Short descriptive text snippets
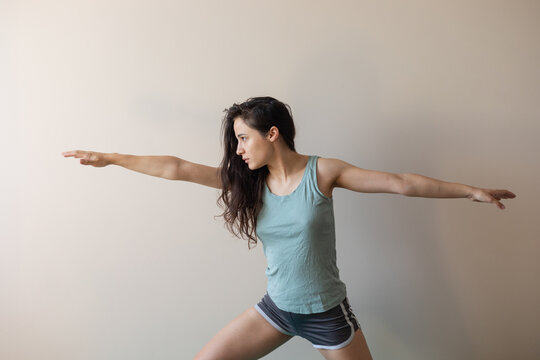 girl in the pose of a warrior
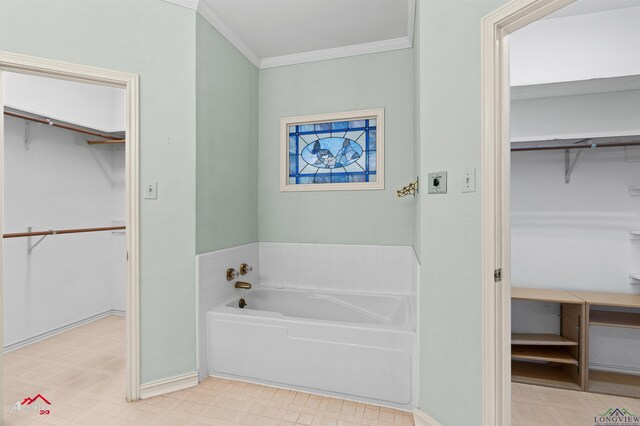 825 University Dr, Carthage, TX 75633 - bathroom with tile patterned floors, a bath, a spacious closet, crown molding, and baseboards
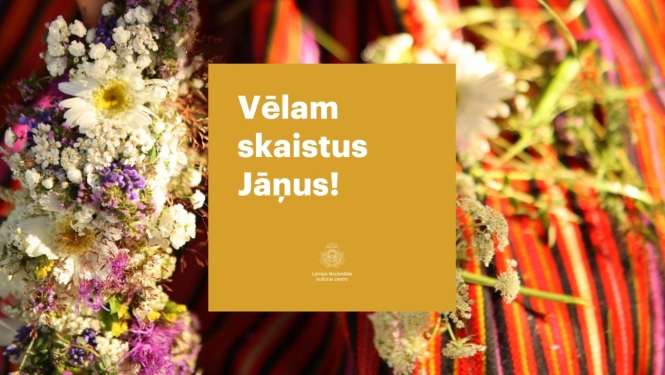 Ziedu vainags uz tautiskiem, sārtiem, svītrainiem svārkiem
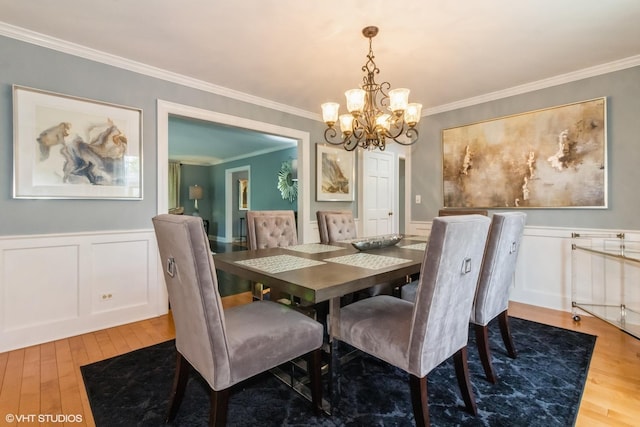 dining area with wood finished floors, a chandelier, ornamental molding, wainscoting, and a decorative wall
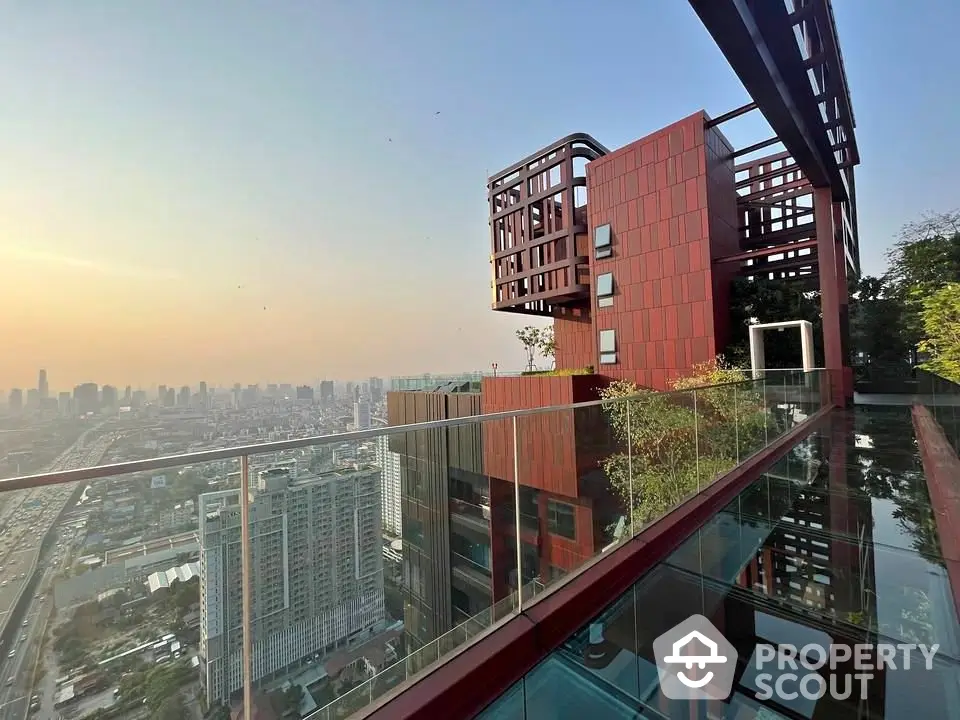 Stunning rooftop view of modern cityscape with unique architectural design and glass railing.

### What you need to do
Your task is to transcribe exactly the lines from the one containing "dining area with" through the final line of the entries above, pictures excluded.

### Response to this task
 dining area with wood finished floors, a chandelier, ornamental molding, wainscoting, and a decorative wall
 Stunning rooftop view of modern cityscape with unique architectural design and glass railing.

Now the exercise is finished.